## Task details
Go to the line below that has "SEPT5 / Septin", print it and each line after it exactly, and stop after the line that has "Anti-MTHFD1 antibody, Internal"; leave out pictures.

## Material shown
---

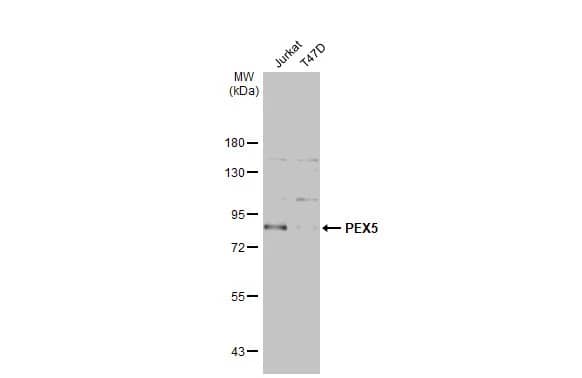 PEX5 Antibody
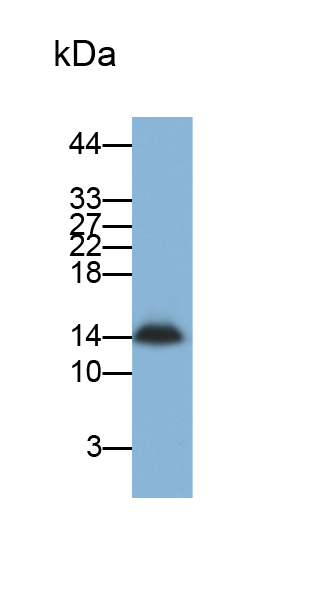 Polyclonal Antibody to Copeptin (CPP)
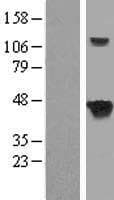 SEPT5 / Septin 5 Protein (Over-Expression Lysate Myc-DDK (Flag))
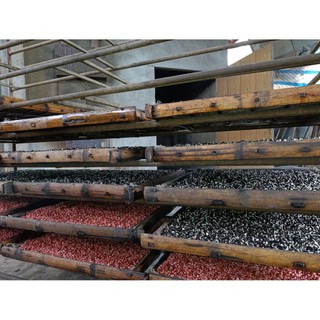 Bột ngũ đậu mầm (bột protein(đạm) thực vật)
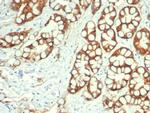 EpCAM/CD326 (Epithelial Marker) Antibody in Immunohistochemistry (Paraffin) (IHC (P))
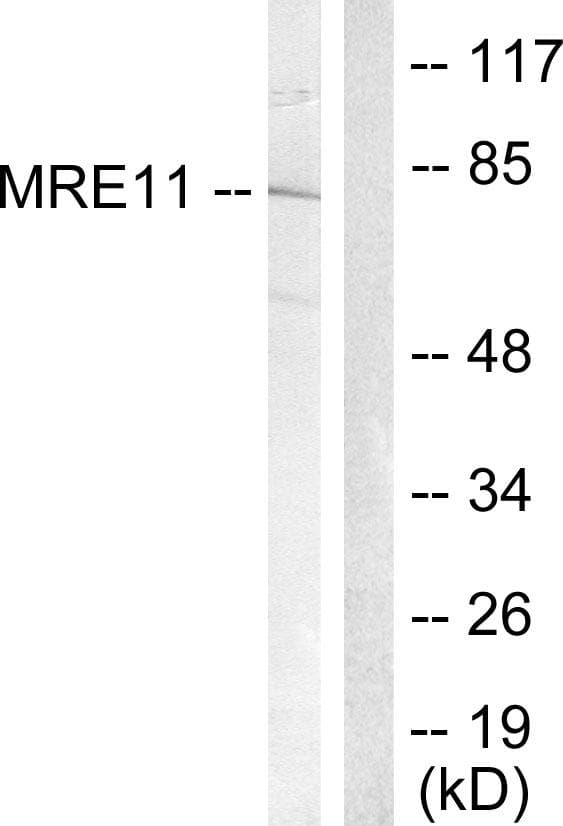 MRE11A / MRE11 Antibody (p264)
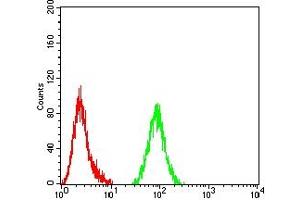 Flow cytometric analysis of Hela cells using TET2 mouse mAb (green) and negative control (red). (TET2 Antikörper)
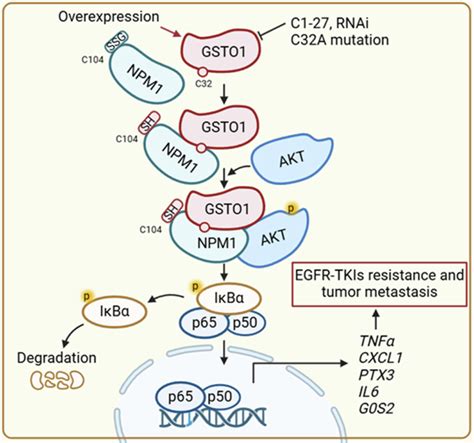 GSTO1 Aggravates EGFR TKIs Resistance And Tumor Metastasis Via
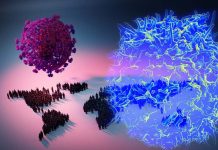 The TYK2 gene associated with lupus provides protection against SARS-CoV-2 infection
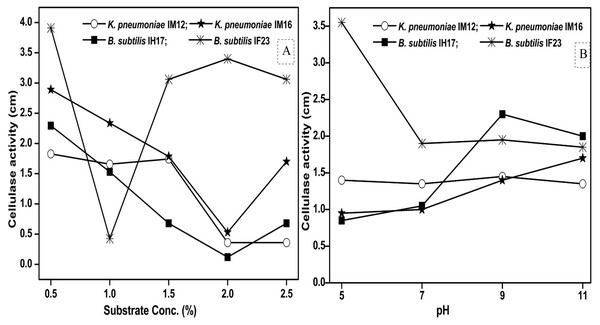 Effect of the concentration of CMC as substrate (A) and pH (B) on cellulose degrading activity of potential bacteria.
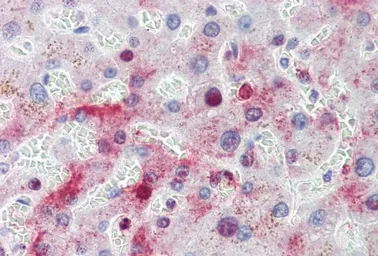 Anti-MTHFD1 antibody, Internal used in IHC (Paraffin sections) (IHC-P). GTX88541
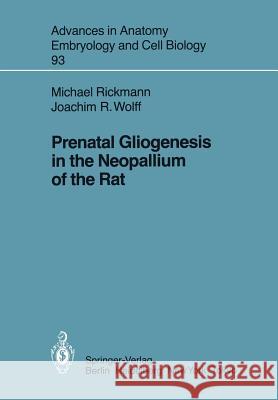 Prenatal Gliogenesis in the Neopallium of the Rat Michael Rickmann Joachim R. Wolff 9783540138495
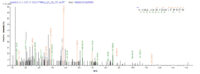 Additional SEQUEST analysis of the LC MS/MS spectra from QP7351 identified an additional between this protein and the spectra of another peptide sequence that matches a region of Envelope glycoprotein GP350 confirming successful recombinant synthesis.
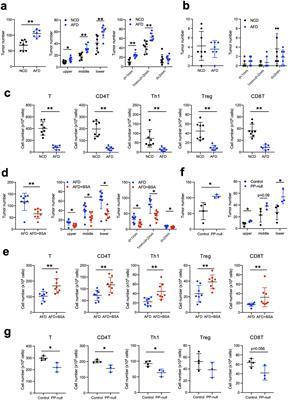 Food antigens suppress small intestinal tumorigenesis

---

## Expected answer
 SEPT5 / Septin 5 Protein (Over-Expression Lysate Myc-DDK (Flag))
 Bột ngũ đậu mầm (bột protein(đạm) thực vật)
 EpCAM/CD326 (Epithelial Marker) Antibody in Immunohistochemistry (Paraffin) (IHC (P))
 MRE11A / MRE11 Antibody (p264)
 Flow cytometric analysis of Hela cells using TET2 mouse mAb (green) and negative control (red). (TET2 Antikörper)
 GSTO1 Aggravates EGFR TKIs Resistance And Tumor Metastasis Via
 The TYK2 gene associated with lupus provides protection against SARS-CoV-2 infection
 Effect of the concentration of CMC as substrate (A) and pH (B) on cellulose degrading activity of potential bacteria.
 Anti-MTHFD1 antibody, Internal used in IHC (Paraffin sections) (IHC-P). GTX88541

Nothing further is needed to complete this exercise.